The offender was also charged with dangerous driving and fleeing from the police. On those two other charges, the judge had the freedom to determine an appropriate sentence that was not mandatory under the law. Ultimately, it was decided that on top of the mandatory fine, the offender would serve three months of conditional imprisonment and receive a one-year driving prohibition. In determining the appropriateness of the sentence, the judge looked to similar cases and applied the principles of sentencing. They include denouncing illegal conduct, deterring others from similar behaviour, and offering the offender a chance to assume responsibility for their actions and begin rehabilitation. Applying these principles to the case led the judge to impose the sentence as a fair balance between the dangerous nature of the conduct and the fact that it was the accused’s first offence. The accused also received a more lenient sentence because he pled guilty to the charges.

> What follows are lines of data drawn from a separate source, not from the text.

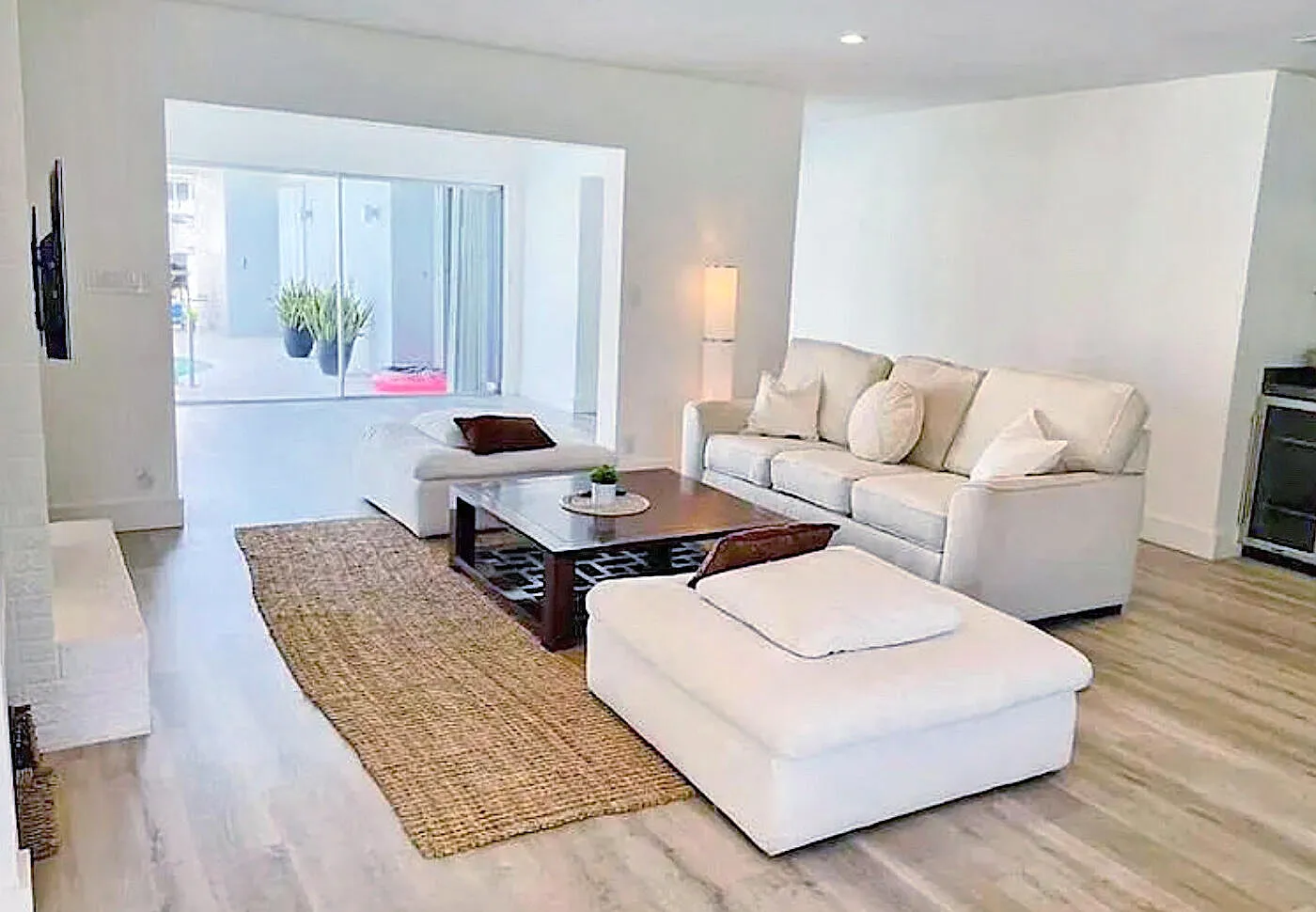 3 bed, 3.0 bath, 2871 sqft, $8,500 — Photo 3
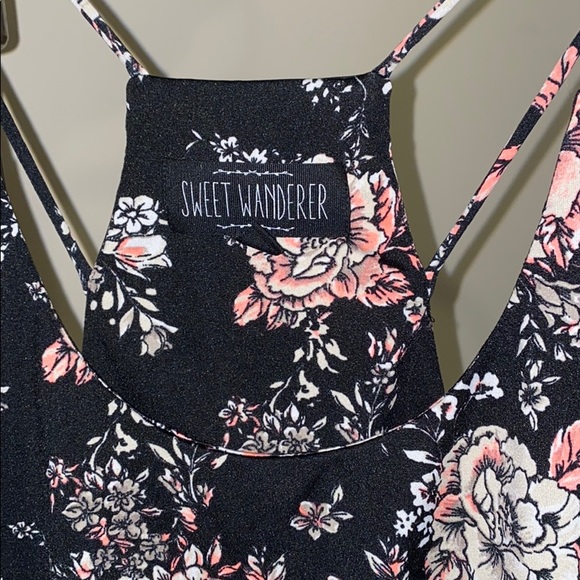 Shirt/Tank - Picture 2 of 5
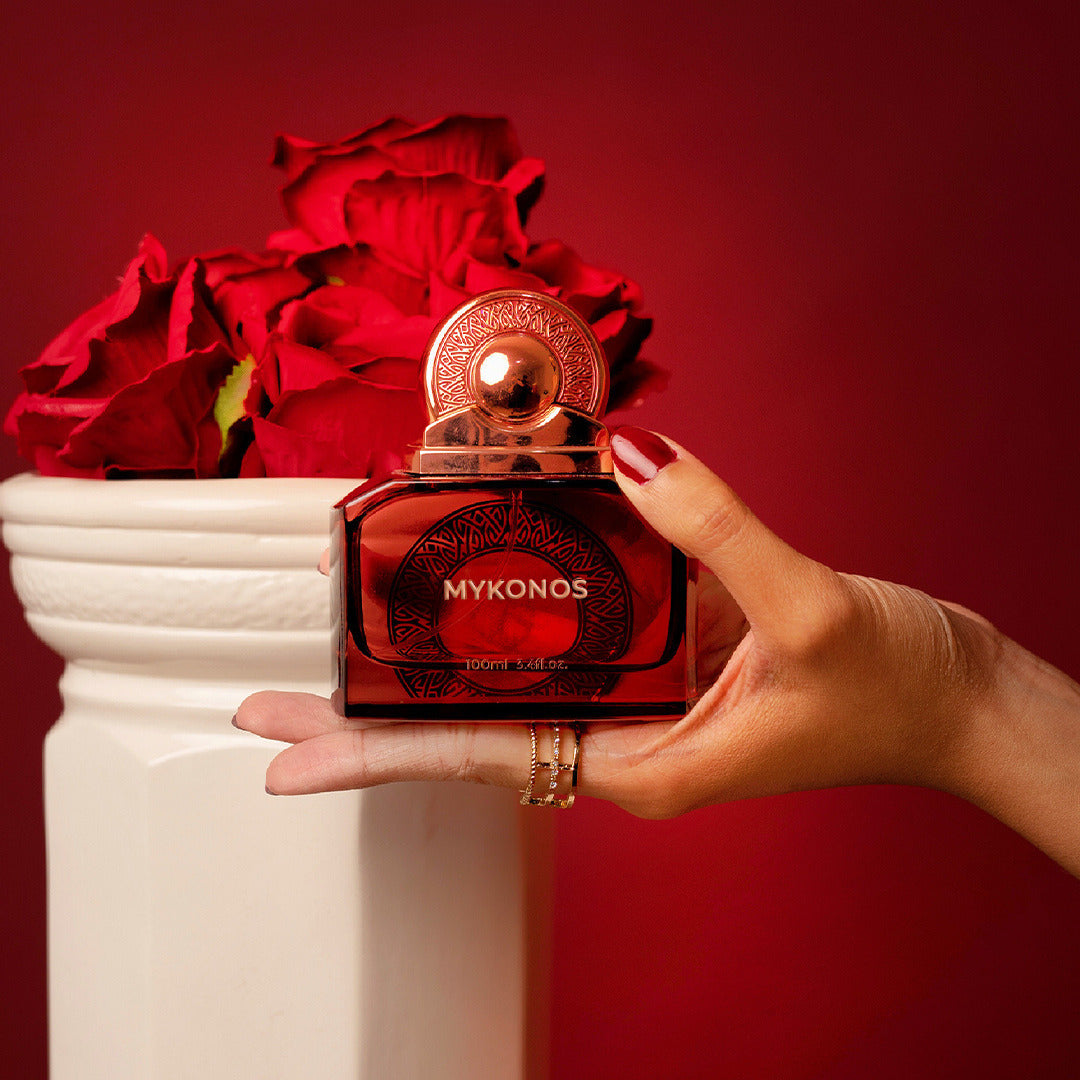 Mykonos Affair Extrait de Parfum – styled shot 1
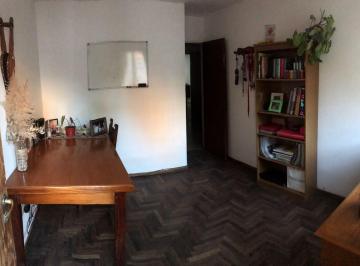 Departamento de 3 ambientes, Córdoba · Venta Departamento 3 Dorm. Cochera y Patio - Alto Alberdi - Córdoba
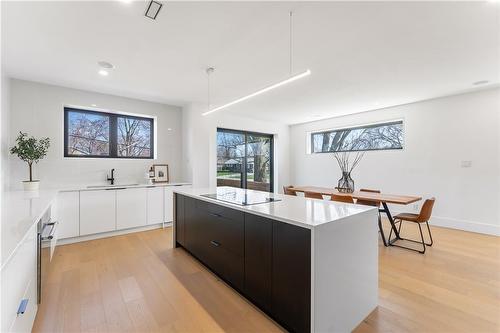 Kitchen facing eating area - 5427 Anthony Place, Burlington, ON - Indoor Photo Showing Kitchen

R. v. Singh, 2019 ABPC 130
The Provincial Court of Alberta case of R. v. Singh dealt with an accused person who had been arrested for impaired driving. The accused’s lawyer attempted to make the argument that the Code requires police officers to take multiple breath samples on an approved screening device during roadside screening before the accused is arrested. In this case, because the police only obtained one sample, the defence argued that the evidence was acquired illegally and therefore breached the accused’s right to be secure against unreasonable search or seizure of evidence.
The judge was left to determine what the proper interpretation of s. 320.27(2) of the Code was. This process involves understanding what the intent of the government was when they created this law. In making their decision, the judge determined the following, “The wording of s. 320.27(2) of the Code refers to “samples of breath” in the context of “samples of breath that, in the peace officer’s opinion, are necessary to enable a proper analysis to be made.” While the plural is used regarding “samples”, the singular is used with respect to “a proper analysis”. Also troubling is the concept that even if the peace officer’s opinion is that a proper analysis had been made on one sample a second is still required. This interpretation makes no sense, particularly where there is no suggestion that a second sample would somehow make for a more meaningful screening.” [at para 26]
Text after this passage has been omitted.